### Exercise goal
All of the data goes into your copy exactly as written. Images do not.

[Source material]

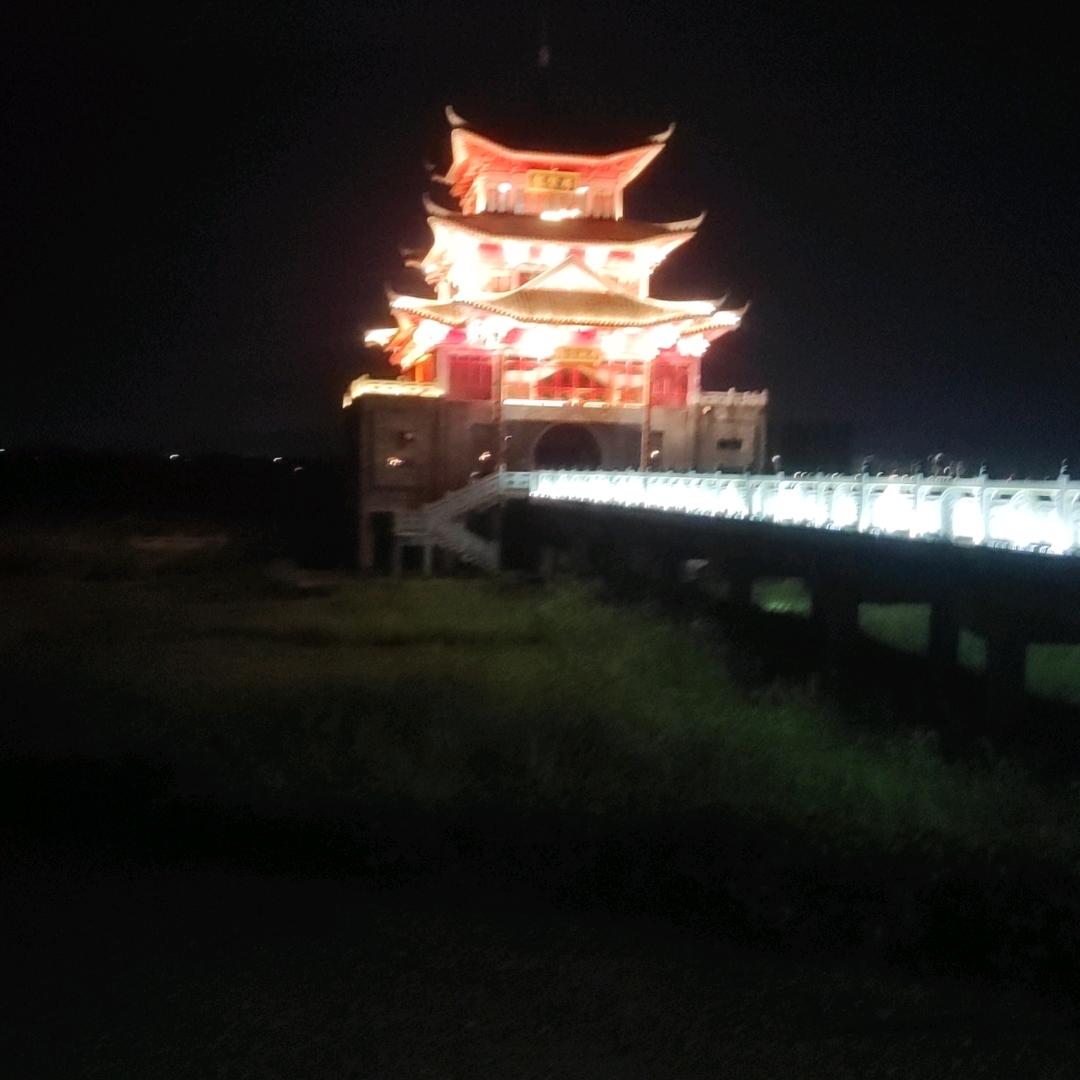 真..心♥很贵⊙▽⊙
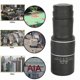 thumbnail image 4 of Grip 40X Optical - trípode Sunnimix telescopio monocular, 4 of 8
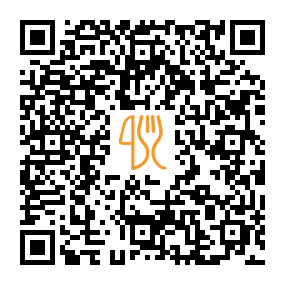 QR-Code zur Speisekarte von Puyu Corner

[/Source material]

### Response to this exercise
 真..心♥很贵⊙▽⊙
 thumbnail image 4 of Grip 40X Optical - trípode Sunnimix telescopio monocular, 4 of 8
 QR-Code zur Speisekarte von Puyu Corner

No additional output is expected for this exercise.